_Dataset entries:_

+++++

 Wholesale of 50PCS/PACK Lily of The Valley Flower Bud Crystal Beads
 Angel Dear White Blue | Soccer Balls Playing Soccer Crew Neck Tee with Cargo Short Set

+++++

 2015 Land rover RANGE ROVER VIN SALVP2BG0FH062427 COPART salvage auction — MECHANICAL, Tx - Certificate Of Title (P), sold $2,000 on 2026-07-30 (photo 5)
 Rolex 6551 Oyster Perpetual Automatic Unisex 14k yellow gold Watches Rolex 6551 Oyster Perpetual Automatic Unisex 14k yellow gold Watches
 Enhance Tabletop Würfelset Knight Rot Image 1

+++++

Given the records above, restate word for word only the lines starting at the one with "Wholesale of 50PCS/PACK" and ending at the one with "Angel Dear White".

_Answer area:_
 Wholesale of 50PCS/PACK Lily of The Valley Flower Bud Crystal Beads
 Angel Dear White Blue | Soccer Balls Playing Soccer Crew Neck Tee with Cargo Short Set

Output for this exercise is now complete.